The closest thing to what I am looking for is apparently here:
[https://en.wikipedia.org/wiki/Government_spending_in_the_Uni...](https://en.wikipedia.org/wiki/Government_spending_in_the_United_Kingdom).
To find it, you have to search for UK budget without mention of "austerity".

I assume this gets to the heart of why anyone would 'downvote' me here for
asking for simple information, there's a strict anti-intellectual force on HN
that has a problem with anyone digging in to what "austerity" actually means.
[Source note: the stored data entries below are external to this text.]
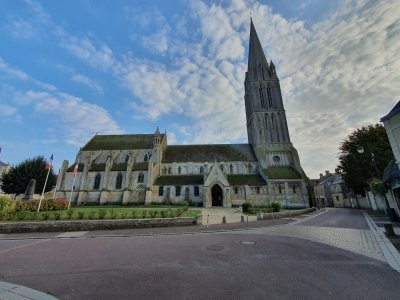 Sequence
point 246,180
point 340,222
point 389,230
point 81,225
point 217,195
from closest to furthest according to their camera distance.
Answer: point 389,230 → point 81,225 → point 340,222 → point 217,195 → point 246,180

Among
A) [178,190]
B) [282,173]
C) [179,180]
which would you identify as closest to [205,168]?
[179,180]

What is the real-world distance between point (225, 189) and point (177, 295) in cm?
3218

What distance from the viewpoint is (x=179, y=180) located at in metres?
39.4

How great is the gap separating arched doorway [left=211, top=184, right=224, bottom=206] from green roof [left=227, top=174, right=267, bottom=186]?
2973 millimetres

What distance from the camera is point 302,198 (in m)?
36.7

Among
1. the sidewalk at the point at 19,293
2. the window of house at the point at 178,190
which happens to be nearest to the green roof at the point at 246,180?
the window of house at the point at 178,190

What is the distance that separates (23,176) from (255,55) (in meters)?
61.6

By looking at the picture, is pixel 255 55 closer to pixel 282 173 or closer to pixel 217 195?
pixel 282 173

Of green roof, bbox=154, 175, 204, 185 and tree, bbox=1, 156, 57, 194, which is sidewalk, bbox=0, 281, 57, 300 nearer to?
green roof, bbox=154, 175, 204, 185

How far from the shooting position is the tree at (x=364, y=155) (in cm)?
2761

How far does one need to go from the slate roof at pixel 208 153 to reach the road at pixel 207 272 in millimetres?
34753

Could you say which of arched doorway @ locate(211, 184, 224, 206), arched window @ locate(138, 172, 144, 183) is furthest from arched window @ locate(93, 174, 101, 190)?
arched doorway @ locate(211, 184, 224, 206)

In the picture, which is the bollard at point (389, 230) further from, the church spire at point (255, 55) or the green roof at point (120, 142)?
the church spire at point (255, 55)

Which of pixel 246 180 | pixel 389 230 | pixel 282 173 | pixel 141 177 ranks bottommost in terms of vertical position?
pixel 389 230
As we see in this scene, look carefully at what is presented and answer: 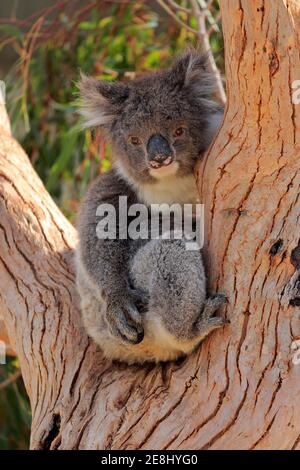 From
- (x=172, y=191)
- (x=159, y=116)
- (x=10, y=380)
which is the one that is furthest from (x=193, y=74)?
(x=10, y=380)

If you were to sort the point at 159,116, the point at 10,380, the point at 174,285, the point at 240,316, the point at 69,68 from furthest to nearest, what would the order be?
the point at 69,68
the point at 10,380
the point at 159,116
the point at 174,285
the point at 240,316

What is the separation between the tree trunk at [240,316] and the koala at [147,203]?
99mm

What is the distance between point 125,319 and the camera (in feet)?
9.40

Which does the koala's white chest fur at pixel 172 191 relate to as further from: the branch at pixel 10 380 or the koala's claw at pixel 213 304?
the branch at pixel 10 380

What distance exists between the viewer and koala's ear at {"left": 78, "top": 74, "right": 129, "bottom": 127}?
3.20 meters

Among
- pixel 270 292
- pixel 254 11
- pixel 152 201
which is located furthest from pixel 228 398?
pixel 254 11

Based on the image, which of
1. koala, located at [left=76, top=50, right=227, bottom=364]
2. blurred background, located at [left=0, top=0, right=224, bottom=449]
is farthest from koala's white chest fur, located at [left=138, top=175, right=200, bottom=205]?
blurred background, located at [left=0, top=0, right=224, bottom=449]

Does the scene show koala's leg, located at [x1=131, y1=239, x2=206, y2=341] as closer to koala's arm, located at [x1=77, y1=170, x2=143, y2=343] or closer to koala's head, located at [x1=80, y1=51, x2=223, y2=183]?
koala's arm, located at [x1=77, y1=170, x2=143, y2=343]

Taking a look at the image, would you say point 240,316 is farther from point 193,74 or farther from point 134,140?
point 193,74

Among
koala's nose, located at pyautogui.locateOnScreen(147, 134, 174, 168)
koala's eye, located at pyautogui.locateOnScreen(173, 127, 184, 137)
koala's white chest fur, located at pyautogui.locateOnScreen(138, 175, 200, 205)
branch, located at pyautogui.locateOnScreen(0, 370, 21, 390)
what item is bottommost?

When you search for anything specifically related to "austerity" in the UK,
unsurprisingly, you're met with articles containing photographs, but no real
numbers to give you an idea of what "austerity" means in terms of relative
changes to the government's budget.

What would be REALLY nice is a chart like this:
[https://en.wikipedia.org/wiki/United_States_federal_budget#/...](https://en.wikipedia.org/wiki/United_States_federal_budget#/media/File:US_Federal_Budget_Comparison_2016_vs._2015.png)
(but for the UK, and with more years to compare, or remove the comparison
aspect and just give me raw numbers, year by year). Presumably, I could find
this on some UK government website in PDF form, but why didn't NYT do this
instead of some puff piece about a kewl, hip young socialist.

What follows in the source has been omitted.